++++ EXTRACTED MATERIAL ++++

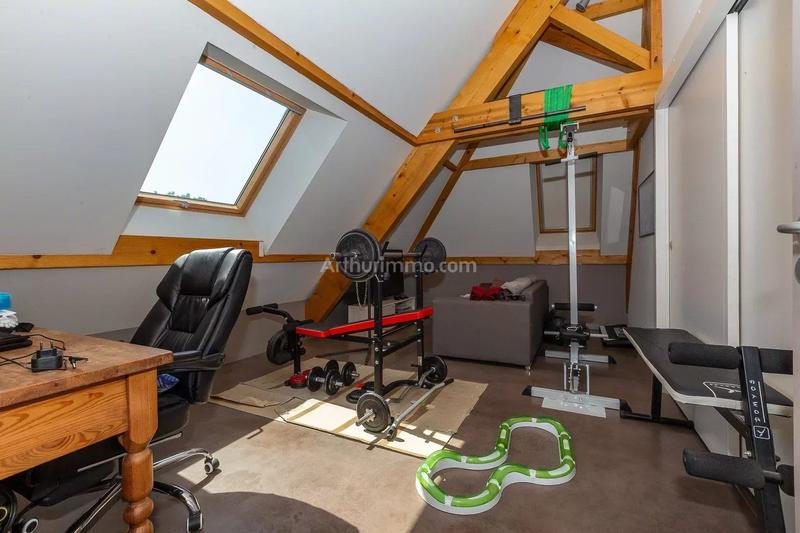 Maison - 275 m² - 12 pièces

++++
++++ EXTRACTED MATERIAL ++++

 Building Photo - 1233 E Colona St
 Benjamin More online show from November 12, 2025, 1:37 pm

++++

### ABOUT THIS TASK
Look above for the line that contains "Building Photo - 1233 E Colona St". Starting there, transcribe every line exactly until you have copied the line that contains "Benjamin More online".

### ANSWER FOR THE TASK
 Building Photo - 1233 E Colona St
 Benjamin More online show from November 12, 2025, 1:37 pm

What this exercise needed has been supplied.